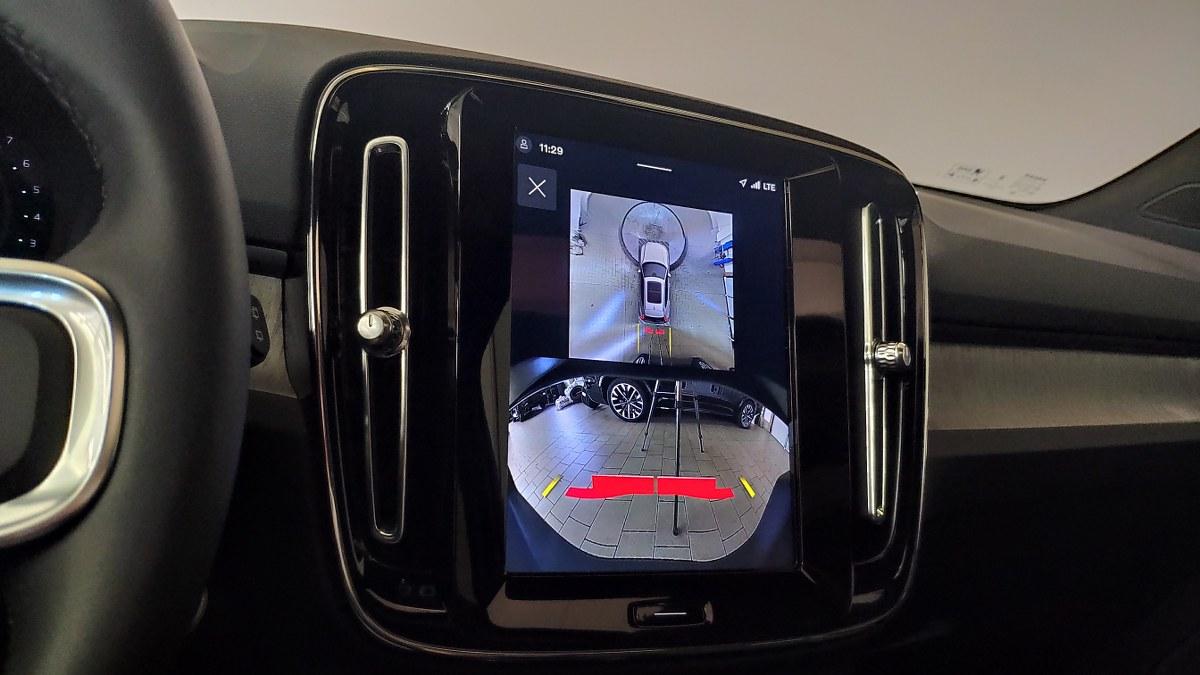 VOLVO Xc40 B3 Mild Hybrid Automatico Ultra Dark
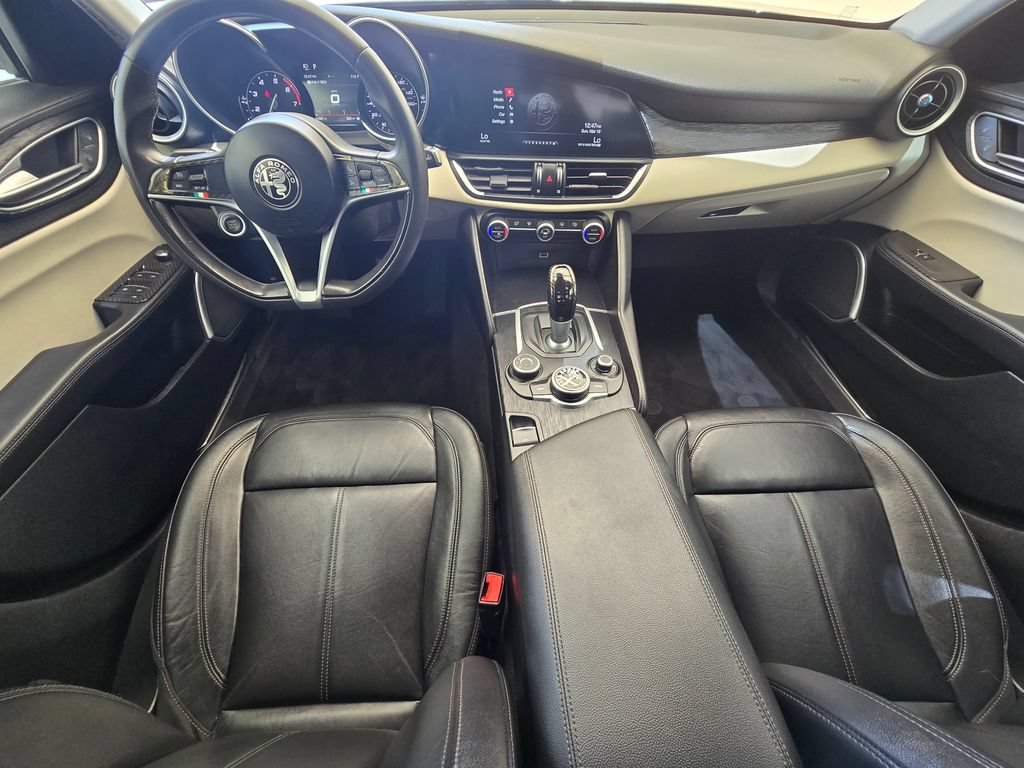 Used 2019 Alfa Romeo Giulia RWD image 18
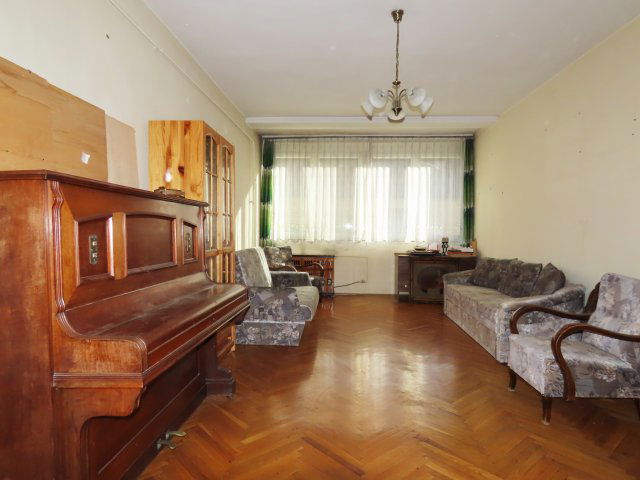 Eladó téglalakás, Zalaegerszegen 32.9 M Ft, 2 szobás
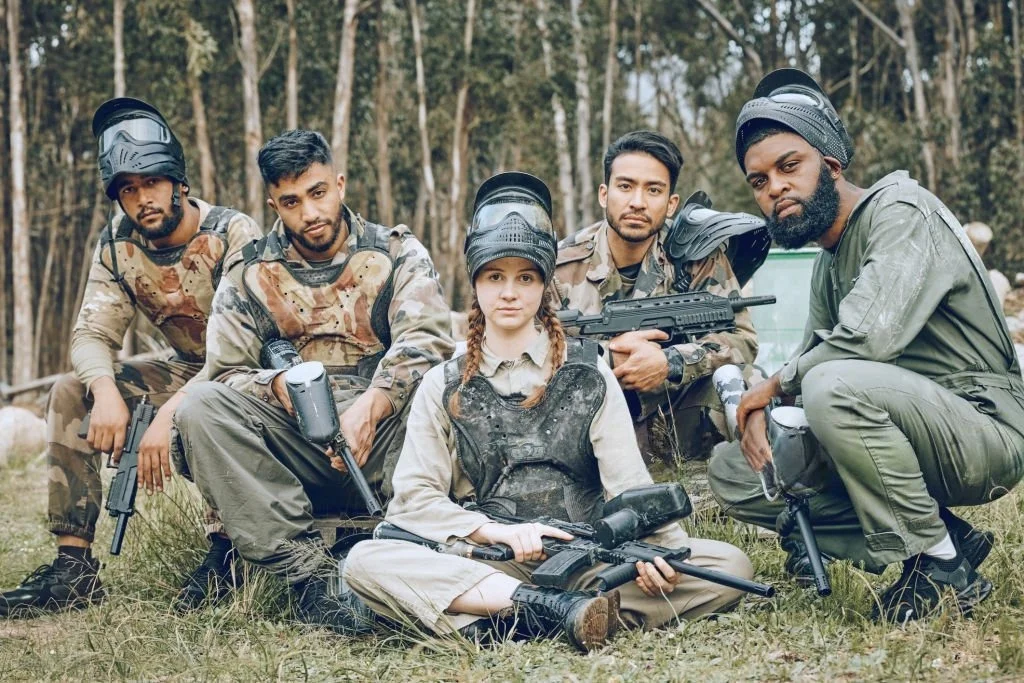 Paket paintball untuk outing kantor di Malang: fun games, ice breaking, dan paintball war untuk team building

⁂

▶ [WHAT YOU HAVE TO DO]
Which lines fall between the one containing "Eladó téglalakás, Zalaegerszegen" and the last line of the listing, both included? Give them again exactly, without the pictures.

▶ [EXERCISE RESPONSE]
 Eladó téglalakás, Zalaegerszegen 32.9 M Ft, 2 szobás
 Paket paintball untuk outing kantor di Malang: fun games, ice breaking, dan paintball war untuk team building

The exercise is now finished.